▶ **What the task requires**
When you reach the line containing "刚开店就被公认不好吃的港式餐厅,人未到齐不要动筷" in the entries below, start writing out each line exactly, and stop after the line containing "Citroen c4 Thourotte".

═════ Task data

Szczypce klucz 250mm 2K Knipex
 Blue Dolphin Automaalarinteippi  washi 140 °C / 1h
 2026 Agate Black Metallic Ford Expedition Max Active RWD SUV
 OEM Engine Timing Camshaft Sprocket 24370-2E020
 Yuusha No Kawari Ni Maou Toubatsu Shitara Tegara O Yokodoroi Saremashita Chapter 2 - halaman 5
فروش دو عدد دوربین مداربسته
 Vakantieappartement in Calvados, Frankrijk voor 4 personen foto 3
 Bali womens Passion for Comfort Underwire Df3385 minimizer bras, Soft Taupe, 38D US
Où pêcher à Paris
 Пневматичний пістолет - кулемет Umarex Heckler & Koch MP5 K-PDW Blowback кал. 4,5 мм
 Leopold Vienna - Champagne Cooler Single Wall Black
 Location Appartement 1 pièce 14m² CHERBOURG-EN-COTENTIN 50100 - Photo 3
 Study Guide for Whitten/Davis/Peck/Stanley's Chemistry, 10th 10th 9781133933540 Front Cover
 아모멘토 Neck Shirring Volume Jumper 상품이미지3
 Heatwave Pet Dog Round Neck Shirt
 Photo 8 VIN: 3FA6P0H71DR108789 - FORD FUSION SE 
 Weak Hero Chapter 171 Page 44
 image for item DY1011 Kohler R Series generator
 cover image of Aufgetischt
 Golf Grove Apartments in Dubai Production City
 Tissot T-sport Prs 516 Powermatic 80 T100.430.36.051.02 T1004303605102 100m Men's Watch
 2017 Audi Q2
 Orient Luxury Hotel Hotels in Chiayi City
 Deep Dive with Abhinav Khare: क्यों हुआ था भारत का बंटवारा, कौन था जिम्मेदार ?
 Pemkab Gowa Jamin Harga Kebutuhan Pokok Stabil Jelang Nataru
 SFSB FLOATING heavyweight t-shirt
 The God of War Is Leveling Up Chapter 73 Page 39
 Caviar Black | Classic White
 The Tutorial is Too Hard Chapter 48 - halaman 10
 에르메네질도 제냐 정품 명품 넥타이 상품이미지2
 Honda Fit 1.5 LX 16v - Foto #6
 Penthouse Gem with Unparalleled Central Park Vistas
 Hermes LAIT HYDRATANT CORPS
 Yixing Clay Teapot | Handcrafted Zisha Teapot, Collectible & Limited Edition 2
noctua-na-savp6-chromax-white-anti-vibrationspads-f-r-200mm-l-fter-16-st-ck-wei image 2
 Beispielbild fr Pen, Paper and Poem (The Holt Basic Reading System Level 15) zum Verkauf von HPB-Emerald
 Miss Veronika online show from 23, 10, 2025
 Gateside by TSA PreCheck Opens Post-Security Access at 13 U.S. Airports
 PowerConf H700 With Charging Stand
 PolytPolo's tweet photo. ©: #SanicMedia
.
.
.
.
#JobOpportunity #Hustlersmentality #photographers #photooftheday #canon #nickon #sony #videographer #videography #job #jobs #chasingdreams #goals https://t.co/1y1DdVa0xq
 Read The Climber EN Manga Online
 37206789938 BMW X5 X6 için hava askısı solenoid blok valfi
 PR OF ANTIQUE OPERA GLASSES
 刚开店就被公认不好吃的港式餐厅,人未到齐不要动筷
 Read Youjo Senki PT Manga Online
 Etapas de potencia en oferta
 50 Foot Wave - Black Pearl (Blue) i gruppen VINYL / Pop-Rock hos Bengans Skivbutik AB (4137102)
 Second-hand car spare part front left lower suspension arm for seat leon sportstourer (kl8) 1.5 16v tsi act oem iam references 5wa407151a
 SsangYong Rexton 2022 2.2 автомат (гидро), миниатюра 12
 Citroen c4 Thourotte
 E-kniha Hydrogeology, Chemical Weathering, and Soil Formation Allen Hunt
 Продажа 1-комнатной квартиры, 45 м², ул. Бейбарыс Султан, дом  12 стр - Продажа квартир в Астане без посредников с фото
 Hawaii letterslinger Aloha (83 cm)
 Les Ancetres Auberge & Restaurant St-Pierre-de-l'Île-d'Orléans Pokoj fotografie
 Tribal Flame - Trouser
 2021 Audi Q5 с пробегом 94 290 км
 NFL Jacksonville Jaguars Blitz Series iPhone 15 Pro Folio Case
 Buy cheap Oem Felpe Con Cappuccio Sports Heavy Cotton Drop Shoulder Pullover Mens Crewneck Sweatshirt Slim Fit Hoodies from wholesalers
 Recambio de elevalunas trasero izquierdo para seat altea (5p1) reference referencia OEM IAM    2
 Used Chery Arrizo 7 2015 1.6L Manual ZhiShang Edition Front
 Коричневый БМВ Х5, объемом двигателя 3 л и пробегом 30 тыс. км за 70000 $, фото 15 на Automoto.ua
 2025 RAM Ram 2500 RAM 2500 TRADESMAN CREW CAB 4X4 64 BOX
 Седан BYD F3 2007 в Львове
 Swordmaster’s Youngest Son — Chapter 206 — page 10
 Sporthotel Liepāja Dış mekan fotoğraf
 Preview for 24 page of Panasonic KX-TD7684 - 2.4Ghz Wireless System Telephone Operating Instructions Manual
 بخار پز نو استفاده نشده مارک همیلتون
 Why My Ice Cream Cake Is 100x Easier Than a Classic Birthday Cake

══════════

▶ **Solution for this exercise**
 刚开店就被公认不好吃的港式餐厅,人未到齐不要动筷
 Read Youjo Senki PT Manga Online
 Etapas de potencia en oferta
 50 Foot Wave - Black Pearl (Blue) i gruppen VINYL / Pop-Rock hos Bengans Skivbutik AB (4137102)
 Second-hand car spare part front left lower suspension arm for seat leon sportstourer (kl8) 1.5 16v tsi act oem iam references 5wa407151a
 SsangYong Rexton 2022 2.2 автомат (гидро), миниатюра 12
 Citroen c4 Thourotte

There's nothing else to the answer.